[Items from a dataset]
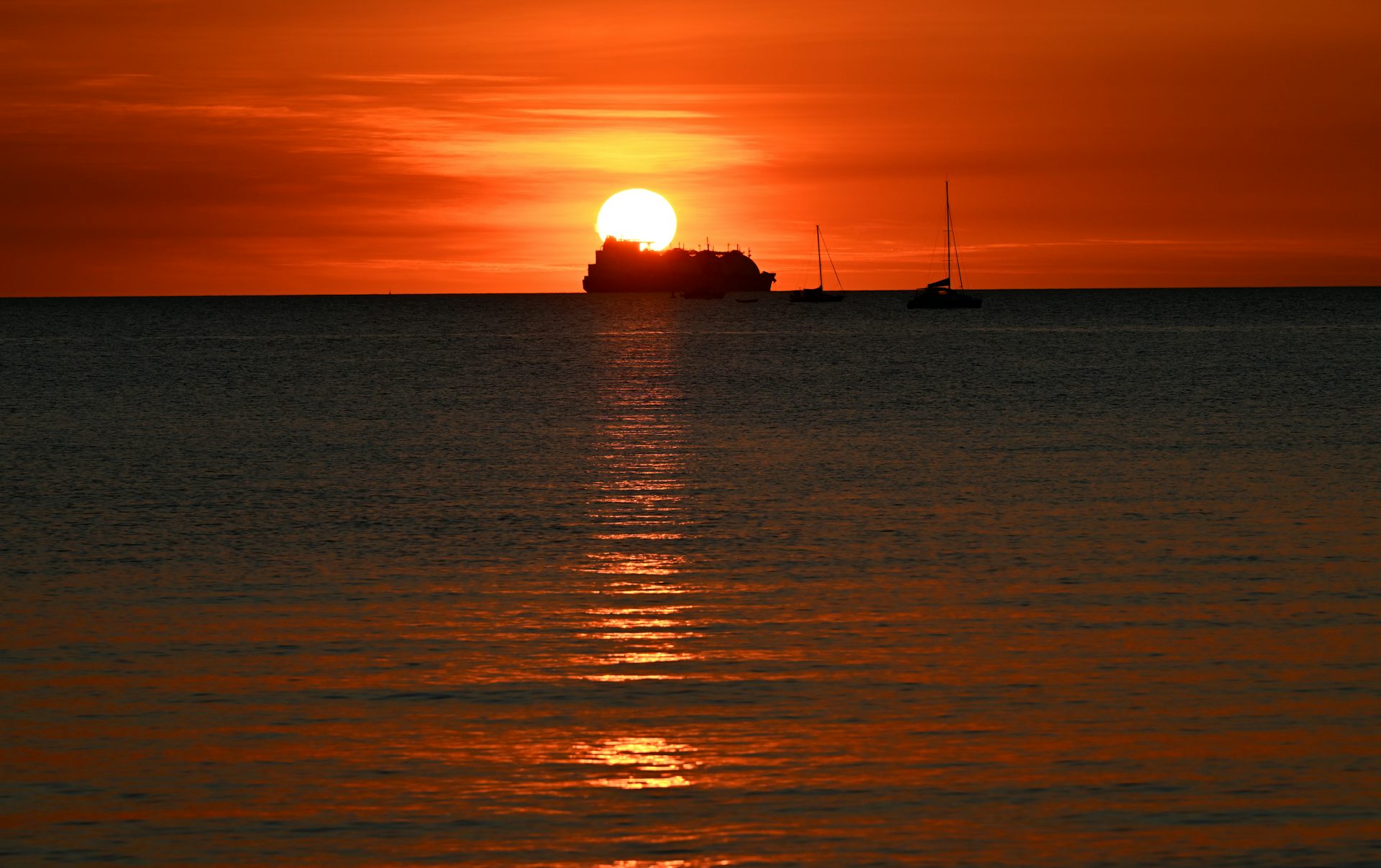 container ship setting sail at sunset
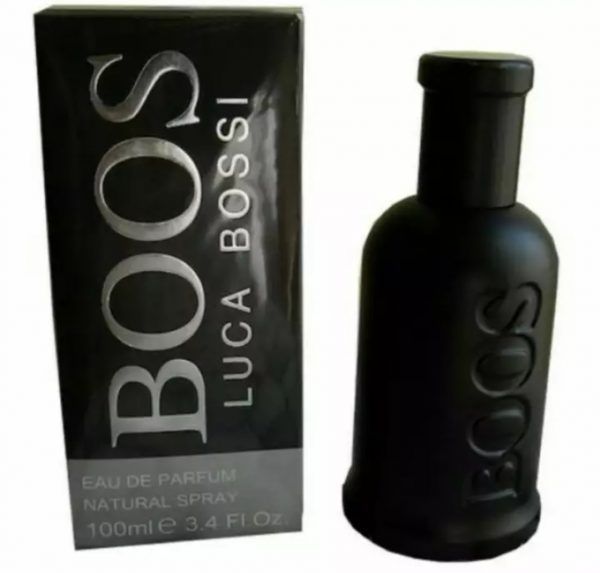 black coloured perfume bottle written boos luca boss on it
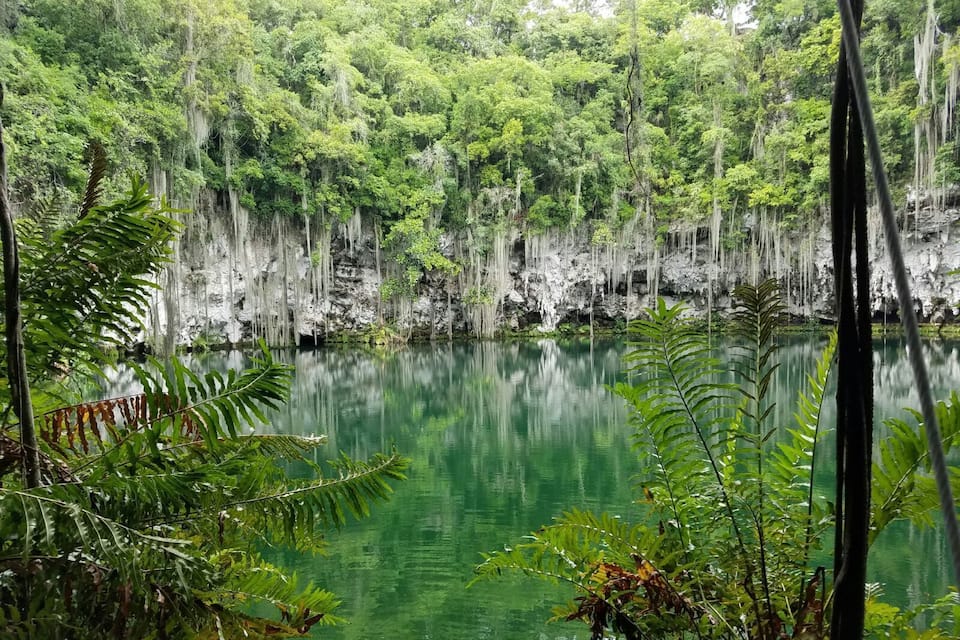 Um lago calmo rodeado por uma floresta densa e falésias de calcário.
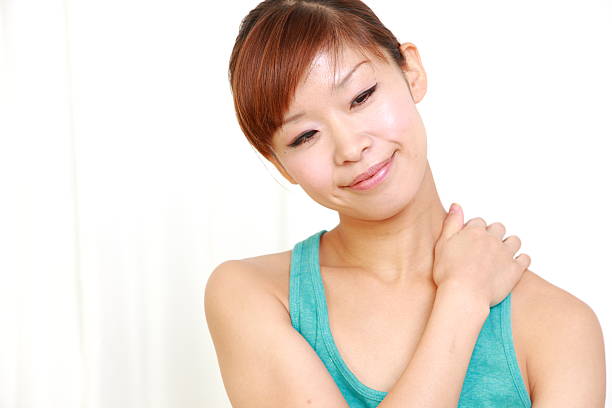 istock young japanese woman doing self shoulder massage 477044255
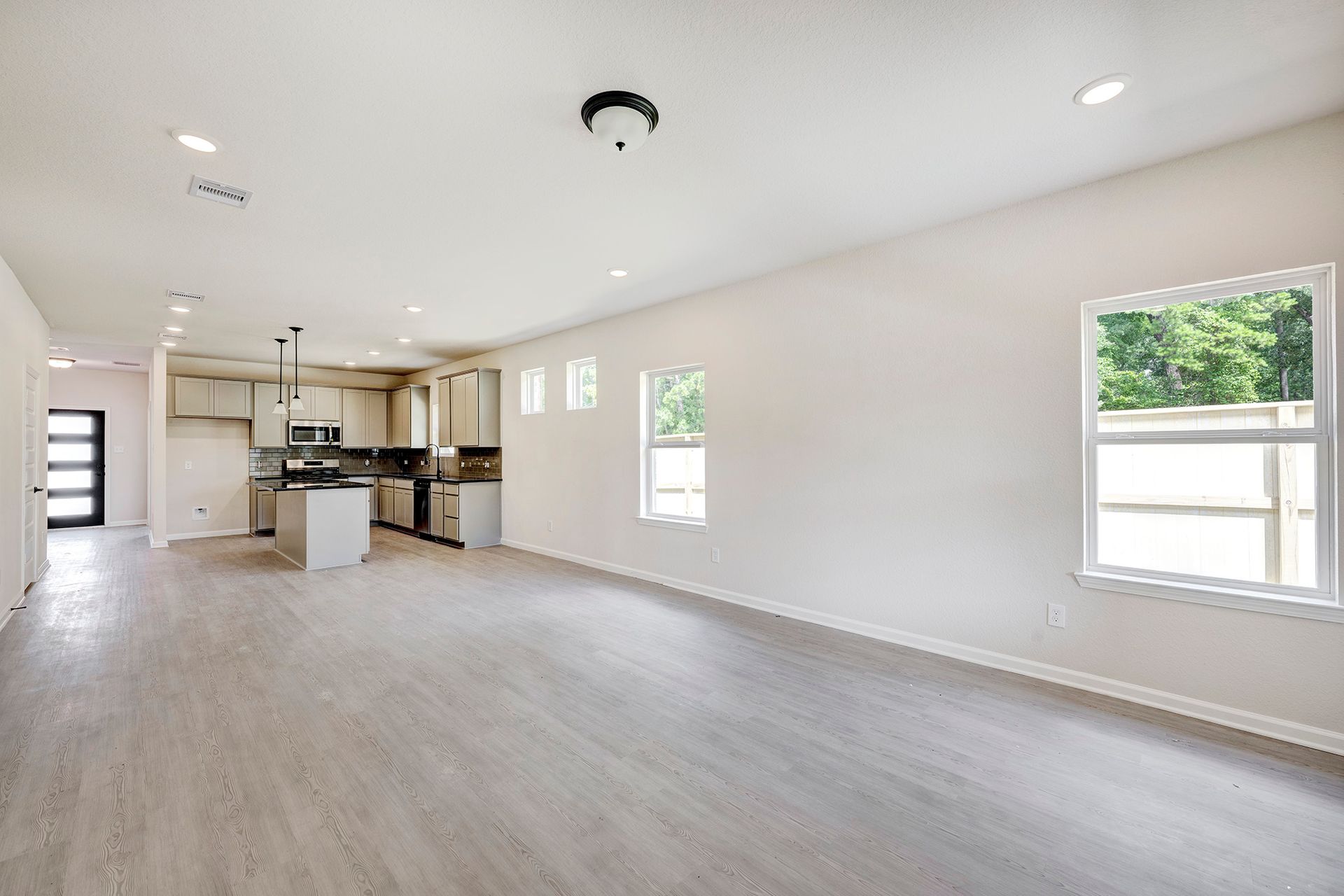 The Davenport II- Family Room into Dining Area and Kitchen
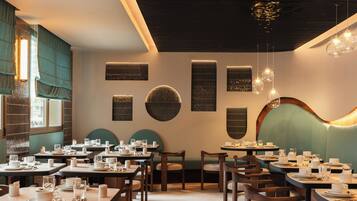 A restaurant interior with multiple dining tables, chairs, and a variety of lighting fixtures.
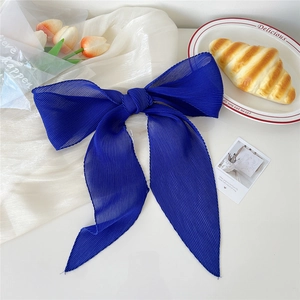 Dettaglio di fiocco per capelli in chiffon a pieghe blu reale con nastri lunghi ed eleganti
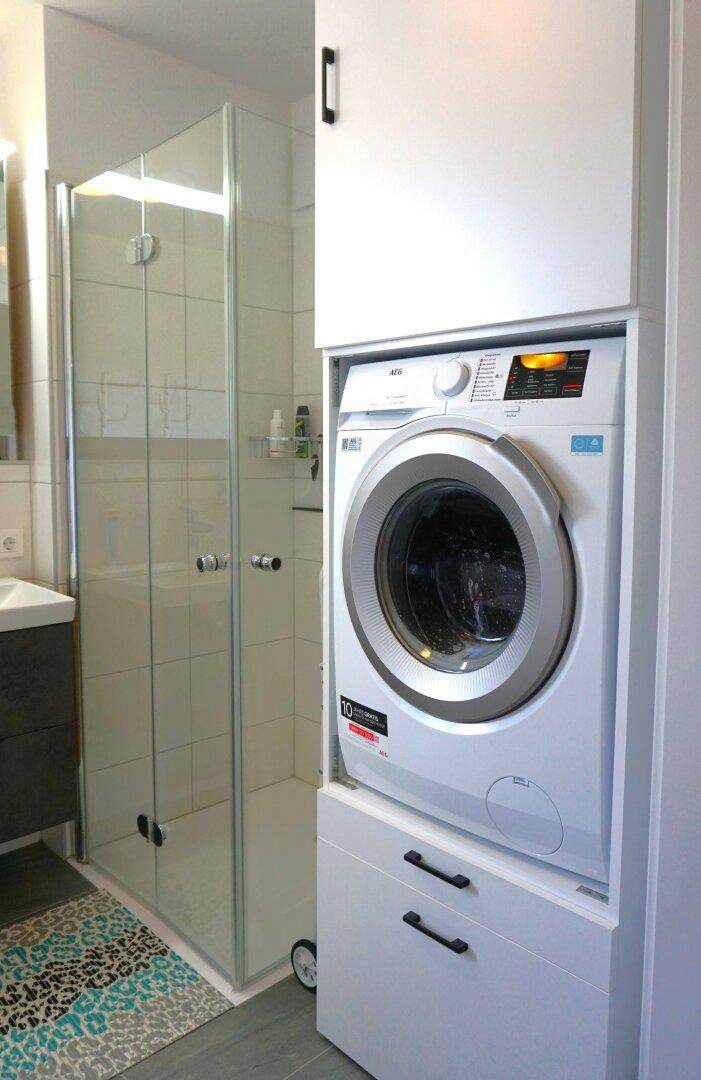 Integrierte Waschmaschine und Trockner in einem weißen Schrank im Badezimmer, neben einer Duschkabine.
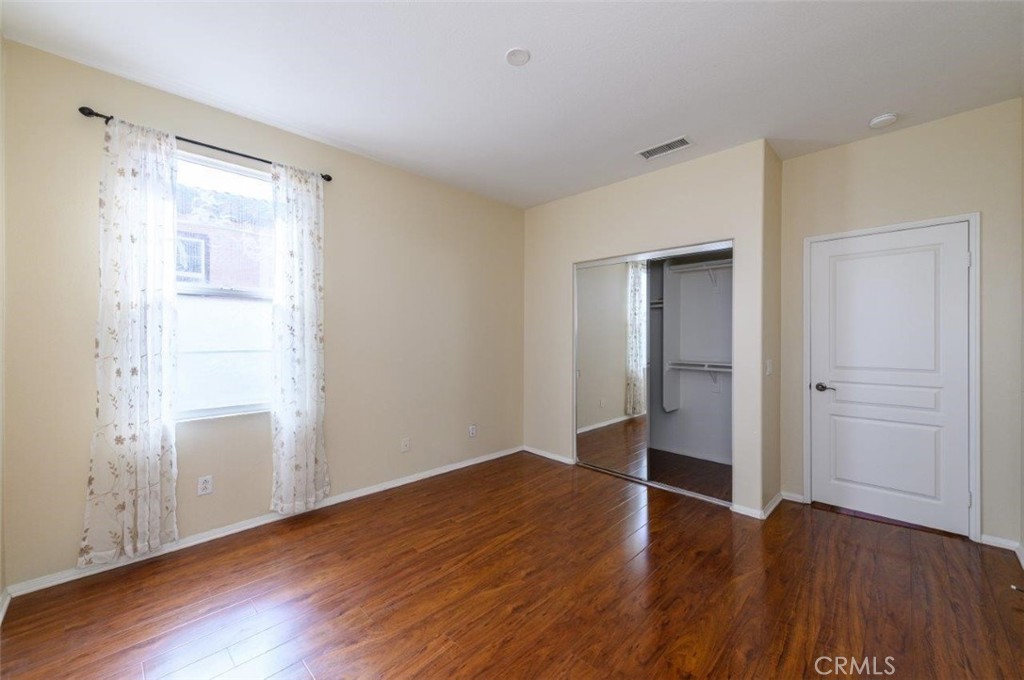 15 Tall Oak Irvine, CA 92603 - Photo 30 of 66 a view of an empty room with closet and wooden floor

* _Work request_:
The expected output is every entry, retyped exactly, with all pictures removed.

* _Reply_:
 container ship setting sail at sunset
 black coloured perfume bottle written boos luca boss on it
 Um lago calmo rodeado por uma floresta densa e falésias de calcário.
 istock young japanese woman doing self shoulder massage 477044255
 The Davenport II- Family Room into Dining Area and Kitchen
 A restaurant interior with multiple dining tables, chairs, and a variety of lighting fixtures.
 Dettaglio di fiocco per capelli in chiffon a pieghe blu reale con nastri lunghi ed eleganti
 Integrierte Waschmaschine und Trockner in einem weißen Schrank im Badezimmer, neben einer Duschkabine.
 15 Tall Oak Irvine, CA 92603 - Photo 30 of 66 a view of an empty room with closet and wooden floor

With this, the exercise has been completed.